Thoughts and Ponderings

I know that God has been telling me this past week that the things that I am dealing with are between me and God alone. And so there is an automatic detachment to what is being said, but the things that are floating around are not wholly off either. Job 18: 2&3 come to mind. But I’m not sure if I need to be silent and listen or if it is that others need to stop their chatter… I’m not sure yet.
The other thing that comes to mind is Job 19 1-10. I feel that God has broken me, and in my brokenness I am continually judged and nit-picked. Granted this may just be the timing of the feedback requested of letters from months ago. But either way, my issues are with God alone.

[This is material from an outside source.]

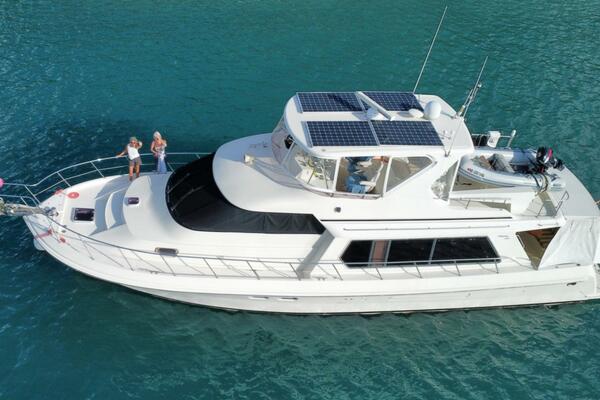 White Pearl 1 56ft Hampton Yacht For Sale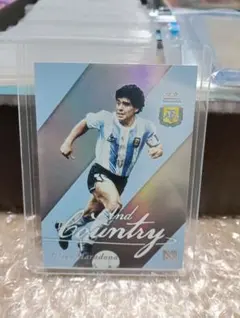 希少 ディエゴ・マラドーナ Panini Nobility カード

As far as the other portions of these responses, Job 13:2-3. I know these things and it frightens me as well. It’s not that I am blindly perusing things with ignorance of what I am capable of. I have been burned, and in some disgusting way I have inherited some of the traits that were so harmful to me. I DON’T know why! I hate it. I need to be given the forgiveness by God and the grace of my fellow believers to understand that I AM broken. I have been in a place of Job 15:11-13, not even so far ago! But I have been broken, my life my plans have been taken from me. Job 16:7 “Surely, O God, you have worn me out; you have devastated my entire household. 8 You have bound me—and it has become a witness; my gauntness rises up and testifies against me.” So my past betrays me, I am bound to my weakness. To be humbled by the sins of my past. I know that I am nothing without the grace that is sufficient for me. 2 Corinthians 12:9. However, even in that grace I am still wanting. I am as in Job 15: 14-16, I am still wicked and in need of a savior. (I can address individual concerns/fights if need be)

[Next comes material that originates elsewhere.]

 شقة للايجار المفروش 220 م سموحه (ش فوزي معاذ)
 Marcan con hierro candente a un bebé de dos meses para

So yes. I know that I’m terrible. I know that I’m lacking in the Faith Department but who are men to judge my heart? What can they see that I do not show them? Besides what God Himself has shown to them, they see only what I give up. In my brokenness I feel that I have been open, bare, helpless laying huddled in the corner while I’m being told I’m not good… I KNOW I’m not good. No one is good in their own right. The powers of this world have taken it by force, and well we live here, we are NOT islands we are NOT invincible! I too am not “good” according to the Word. but Job 16:19-21
I want to use Job 15:4, but where? Somewhat in conjunction with Job 16:2-5. Still I don’t know how it is meant to be used, because there is not need to rebuke the air. It would be a Job 15:3.